Originally Posted by MinnesotaNice
This a great thread! I have straw in my coop now. I suppose it's about a few inches deep. The flooring in my coop is wood, but we laid a large rubber type mat in there (we were going to do sand initially and then left the mat when we changed our mind). I was thinking of cleaning it out before winter hits and then putting down a few inches of pine shavings, sprinkling some DE, and then a few inches of straw. Their outdoor coop is on the ground....so pretty much dirt now and a sad looking tree :-)
Any advice on what I mentioned above? My coop is is probably 12x15.
What you propose would be deep bedding but wouldn't be deep litter in the true sense. It will be something you'll have to clean out soon as it will become saturated with feces and will not decompose, so you'll have to keep adding and adding to keep the ammonia smell down and you'll soon get too deep.
Pine shavings and straw can take years to decompose unless you add about 125% nitrogen and even then it takes a long time, moisture, etc. The DE will kill the very bugs you may need to aid in the decomposition of the manure and bedding. I've heard folks tell of using the DE and there being a "dead" layer in their DL where they applied it, where nothing has decomposed.
It might be better to use some healthy soil from the forest or garden...just a little to get your DL some microorganisms going...then start using materials that break down well, as well as some that are a little more woody and break down slower(but use these sparingly and only to add air spaces to your DL). Using a variety of materials, of different types and sizes, seem to work best. Holding moisture in the bottom layers and not disturbing that layer much will also help...add moisture if you need to do so, but keep it a little moist there for good decomposition.
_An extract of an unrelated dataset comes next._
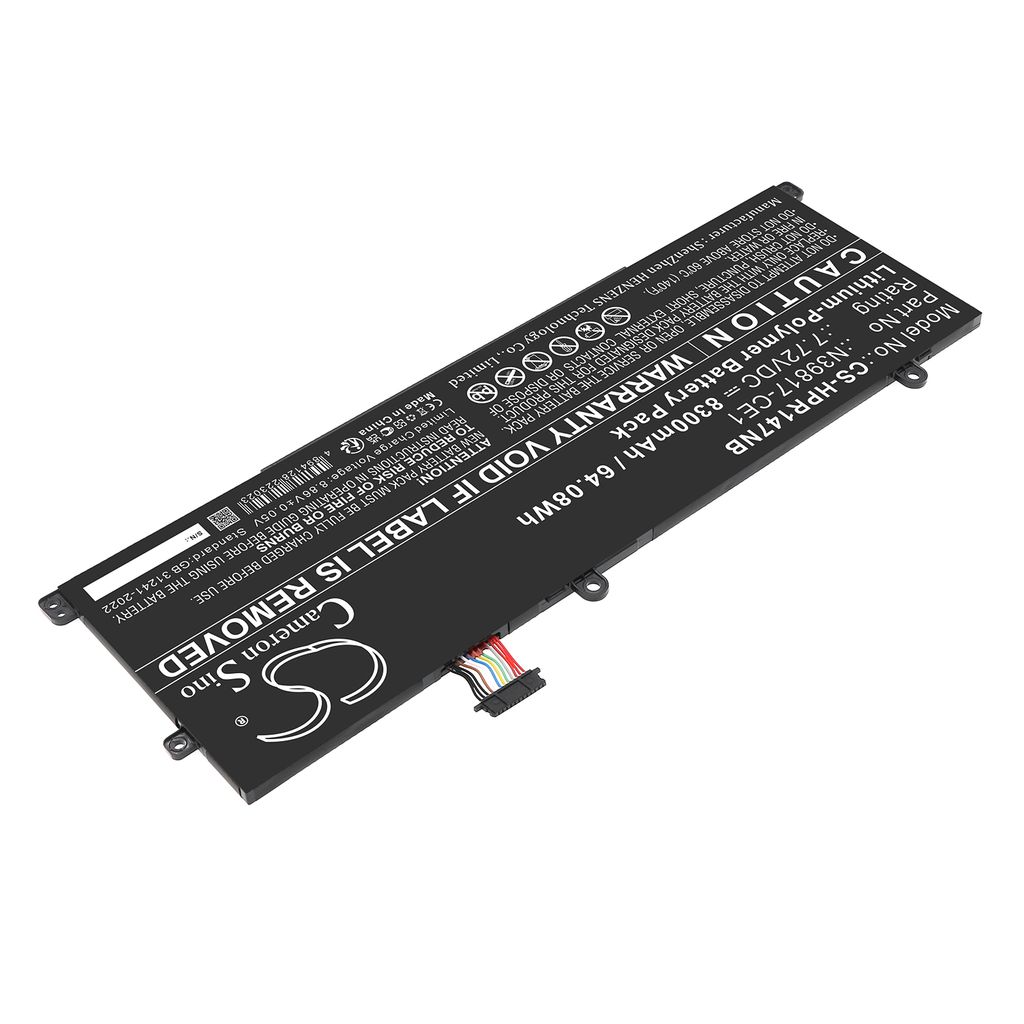 HP Book pro 16 m.fl.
Once you have that good bottom layer going, build it slowly as you need more dry material and try to let it get 6-10 in. deep. Just lightly flip the manure under the roosts into the bedding or just throw some dry litter on top of the night's deposits. The bugs that help digest the manure don't like being exposed to the chickens/light, so covering the feces will put it where it can be worked on and will also trap the moisture therein into the layers below.